REQUIRED ACTION - Word-for-word reproduction, images excluded: copy every entry below.

+--

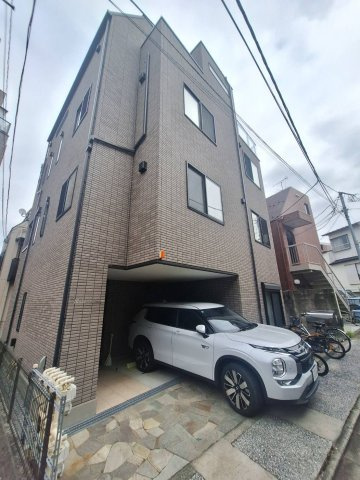 Maison　Cinq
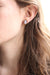 Boucles d'oreilles Boucles d'Oreilles Camées XIXe 58 Facettes 459.2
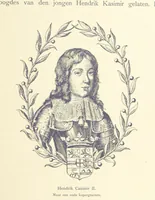 An illustration from Onze Gouden Eeuw. De Republiek der Vereenigde Nederlanden in haar bloeitijd ... Geïllustreerd onder toezicht van J. H. W. Unger (1896)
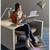 Steelcase Brody Private Lounge/Gaming Station with Tablet 10 thumbnail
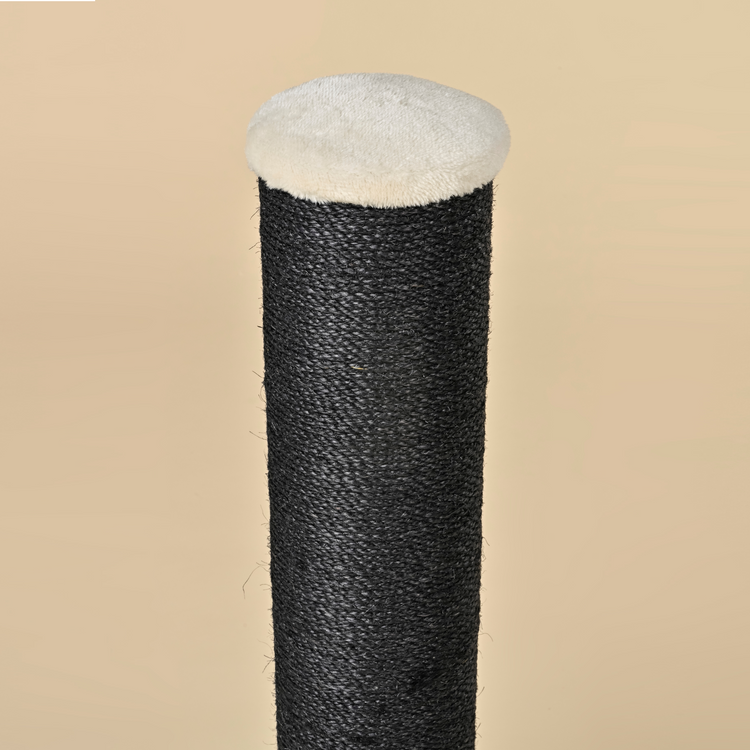 Krabpaal Ragdoll Scratcher Blackline (Crème)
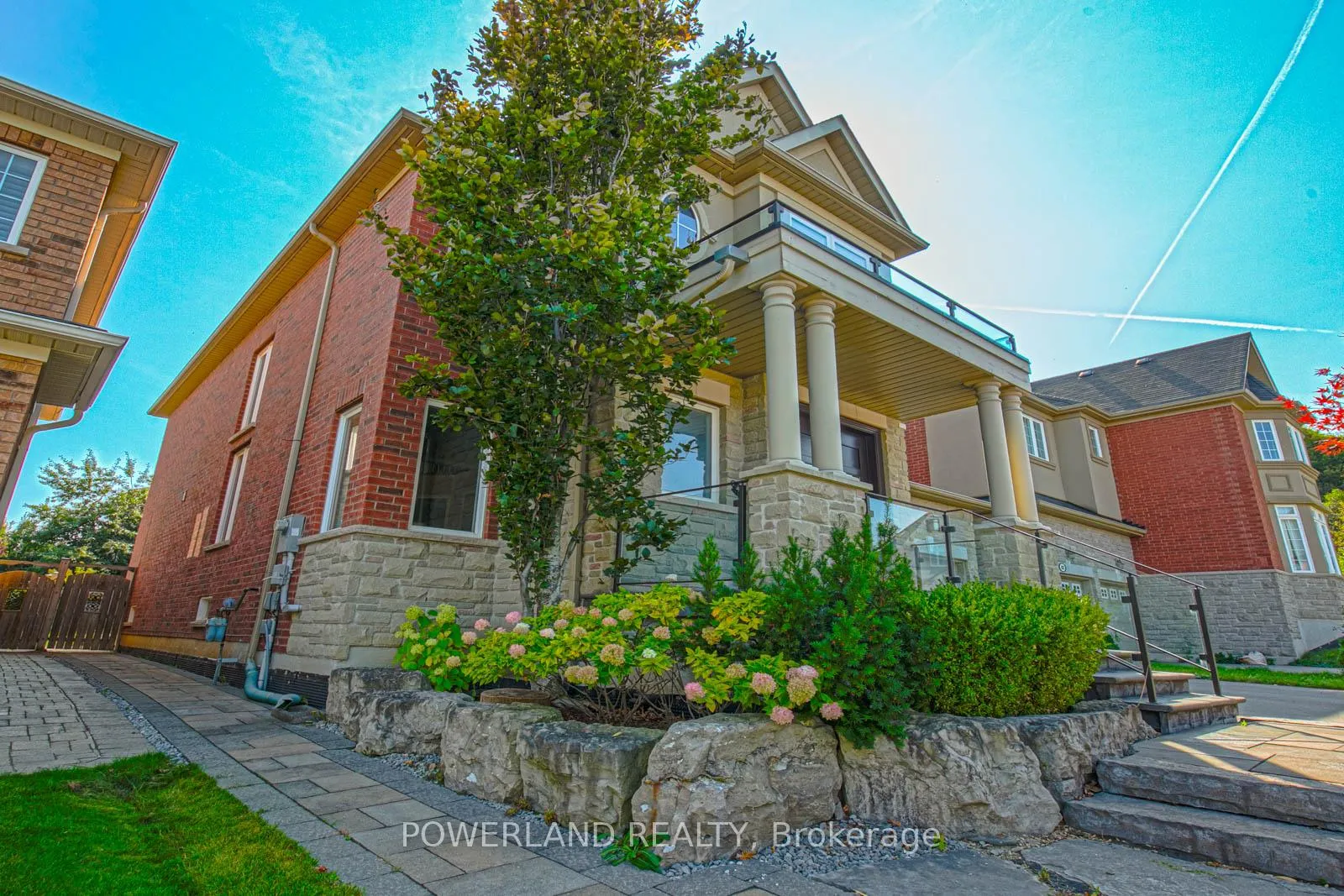 Photo 42 of 87 Schuster Lane, Vaughan, Patterson — HOMEH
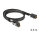SAS SFF-8643 > SFF-8087 0,5m Delock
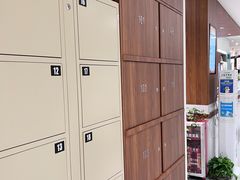 -海马体家庭照相馆(广州正佳广场店)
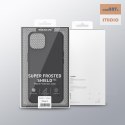 NILLKIN SUPER SHIELD PRO IPHONE 14 BLACK / CZARNY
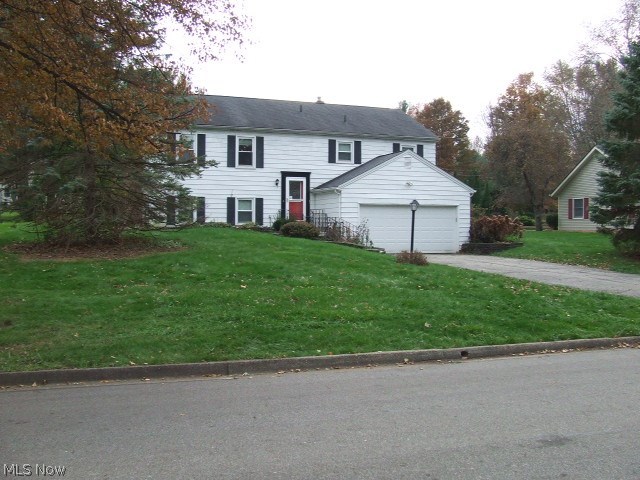 Anna Dale At Hudson - Residential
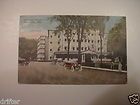 1917 elmwood hotel waterville maine me postcard enlarge buy it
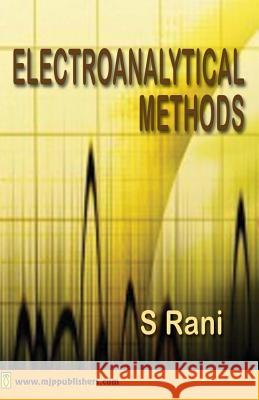 Electroanalytical Methods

+--

RESPONSE TO THIS TASK -
 Maison　Cinq
 Boucles d'oreilles Boucles d'Oreilles Camées XIXe 58 Facettes 459.2
 An illustration from Onze Gouden Eeuw. De Republiek der Vereenigde Nederlanden in haar bloeitijd ... Geïllustreerd onder toezicht van J. H. W. Unger (1896)
 Steelcase Brody Private Lounge/Gaming Station with Tablet 10 thumbnail
 Krabpaal Ragdoll Scratcher Blackline (Crème)
 Photo 42 of 87 Schuster Lane, Vaughan, Patterson — HOMEH
SAS SFF-8643 > SFF-8087 0,5m Delock
 -海马体家庭照相馆(广州正佳广场店)
 NILLKIN SUPER SHIELD PRO IPHONE 14 BLACK / CZARNY
 Anna Dale At Hudson - Residential
 1917 elmwood hotel waterville maine me postcard enlarge buy it
 Electroanalytical Methods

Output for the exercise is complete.